TUSCALOOSA, Ala. (AP) — Alabama can still send a number of talented tailbacks and bruising blockers at opposing defenses, but now they've got to be equally wary of the collection of wide receivers.
The top-ranked Crimson Tide's offense has produced bushels of yards and points — and a number of deep balls — in quarterback Tua Tagovailoa's first two starts.
"We pride ourselves on running the football, but when we're able to distribute the ball like we've been doing — everybody's touching it, they don't know who's going to get it — it's very tough to stop," Tide tight end Irv Smith Jr. said.
Alabama (2-0), which opens Southeastern Conference play Saturday night at Mississippi (2-0), has combined for 108 points and 1,118 yards in romps over Louisville and Arkansas State . Sure, better defenses await, but there's little question this offense can be more diverse with Tagovailoa's ability to spread the ball around, his accuracy downfield and his mobility.
But it's not all Tagovailoa.
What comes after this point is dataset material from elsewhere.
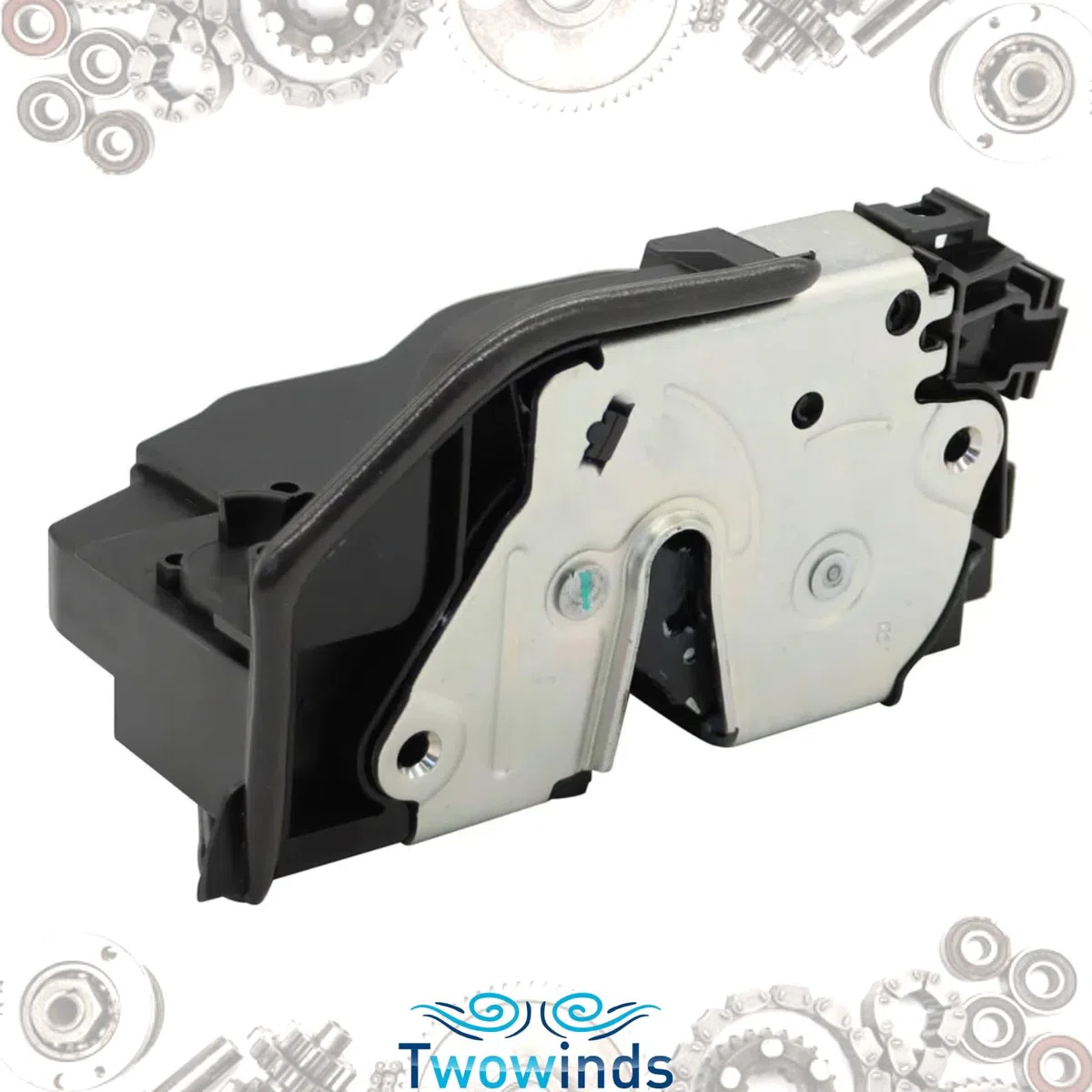 Twowinds - Motor Serratura 51217202146 Compatibile con BMW E61 E87 E90 E91 E91 E81 X6 X5 X3 X1 - Porta Anteriore Destra (lato passeggero) - Attuatore - Sistema Chiusura Centralizzata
Two-year starter Jalen Hurts has played extensively in the first two games and passed for two touchdowns against Arkansas State.
It also helps that the Tide has multiple receiving threats after Calvin Ridley accounted for about half the wide receivers' total catches last season.
The result has been 12 catches of 20-plus yards already. Sophomores Jerry Jeudy, DeVonta Smith and Henry Ruggs III and freshman Jaylen Waddle have all turned in big plays. So has Irv Smith, who already has six catches.
"It's a great unit and I think that's really critical for us as an offense, is we don't just have one really explosive guy that can make a lot of plays," left tackle Jonah Williams said. "We have a whole plethora of them. That makes our job easier as an offense. It makes the defense's job harder, trying to stop our running backs and defend all those receivers. It definitely poses a challenge for them."
The sophomore trio has ably filled in after the loss of Ridley, Cam Sims and Robert Foster:
—Jeudy, a five-star recruit from south Florida, has 151 receiving yards and has taken half his eight catches for touchdowns. He capped both of Alabama's opening drives with touchdown catches, including a 58-yarder against Arkansas State.
"We've got good chemistry, me and Tua," Jeudy said.
— DeVonta Smith and Tagovailoa showed their chemistry with that 41-yard game-winning connection against Georgia in the national championship game . Smith has accounted for five of the early 20-yard plays.
He and his fellow receivers have had plenty to celebrate after those first two games.
"When someone makes a play, we'll all be happy," he said. "We'll laugh at the things that are on film when good things happen. It's just a fun group to be around."
— Ruggs, who had six touchdown catches last season, scored on a 31-yarder against the Red Wolves. Of Tagovailoa, he said, "He's developing his confidence as the game goes."
Tagovailoa's emergence has been a big part of the success. Tide coach Nick Saban pointed out his touchdown throw to DeVonta Smith was improvised after he realized a safety didn't cover him "and he wasn't even supposed to be reading that side of the field."
"He does a nice job of keeping his eyes downfield, stepping up in the pocket," Saban said. "There's a couple of third-down plays where he bought some time, stepped up in the pocket and we're able to convert on throws. He's well prepared but he's also very instinctive and he does a good job of keeping his eyes downfield to find people in the middle."